Material for this exercise section start
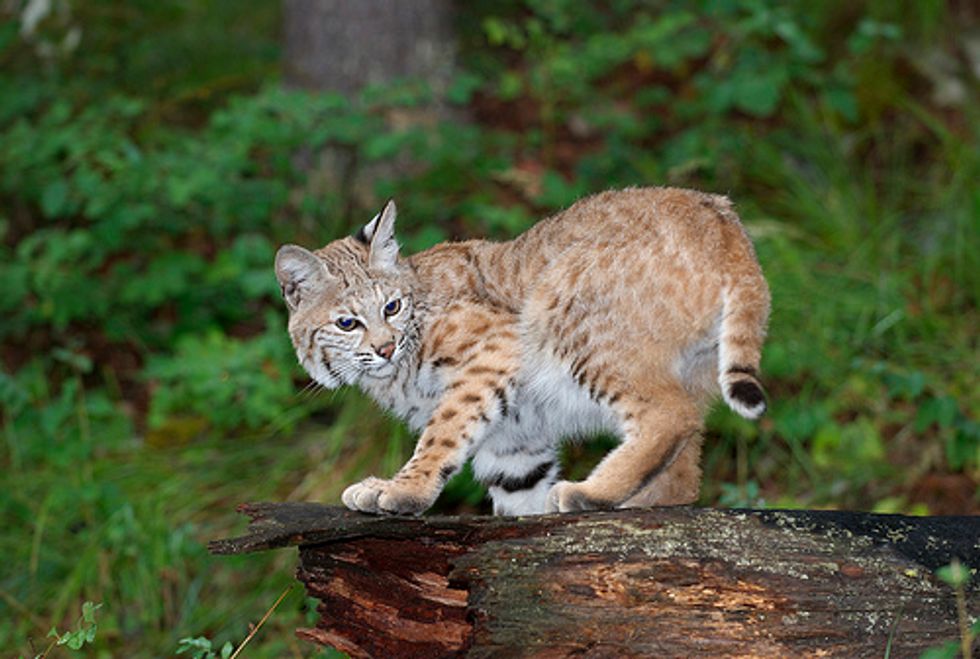 Abandoned Bobcats Rehabilitated in Unusual Way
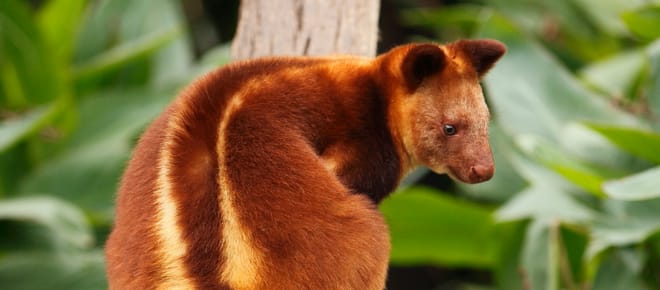 Baumkänguru in Papua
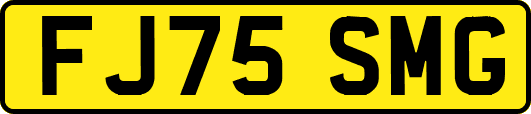 FJ75SMG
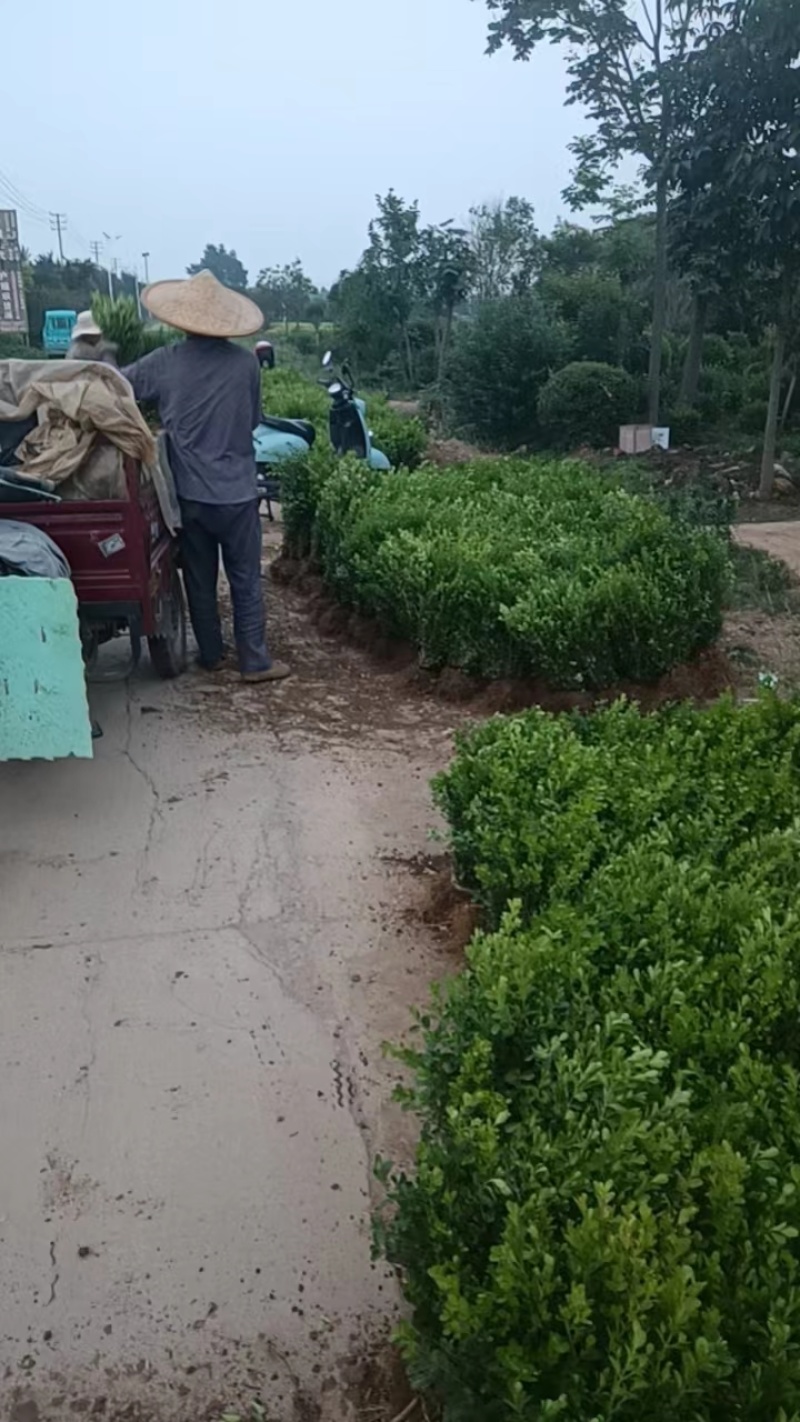 小叶黄杨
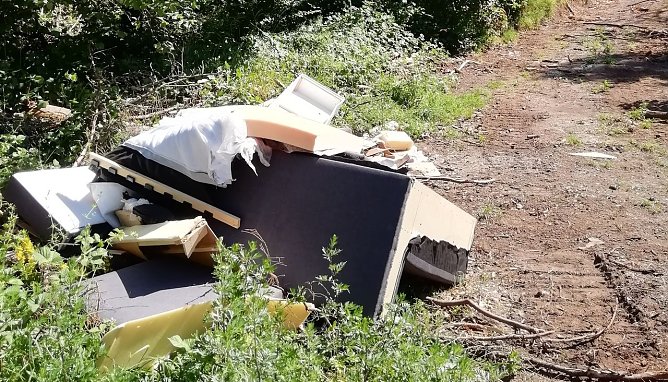 M&uuml;ll in der Natur (Foto: W. J&ouml;rgens)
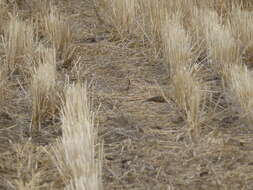 Image of Smith's Longspur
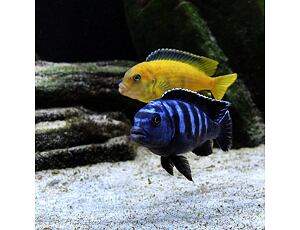 Pseudotropheus saulosi 3-4 cm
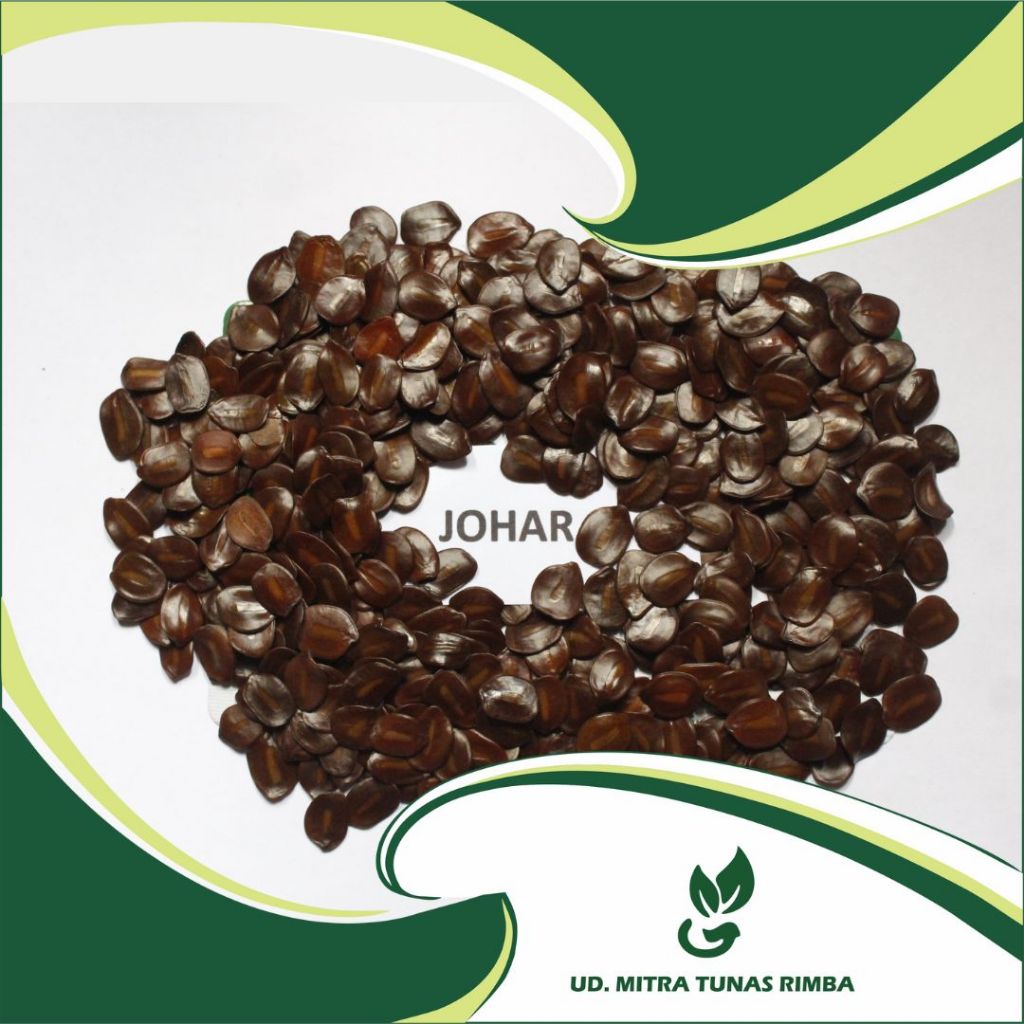 Benih/Biji Johar 1kg
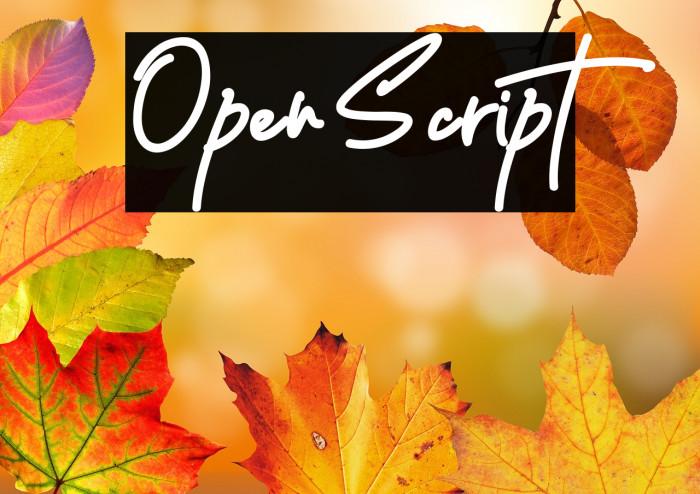 Open Script Example 1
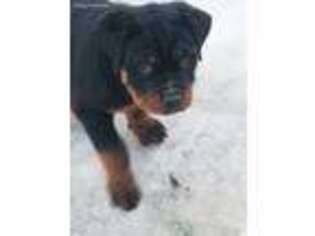 Rottweiler Puppy for sale in Clayton, WA, USA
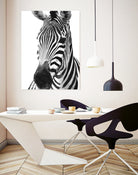 Black and White Zebra by Alessandra Minervini on GIANT ART - black digital painting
Material for this exercise section end
» Task statement
Counting the line with "Benih/Biji Johar 1kg" and the last line of the data above, transcribe those two lines and every line between them exactly, without the pictures.

» Response
 Benih/Biji Johar 1kg
 Open Script Example 1
 Rottweiler Puppy for sale in Clayton, WA, USA
 Black and White Zebra by Alessandra Minervini on GIANT ART - black digital painting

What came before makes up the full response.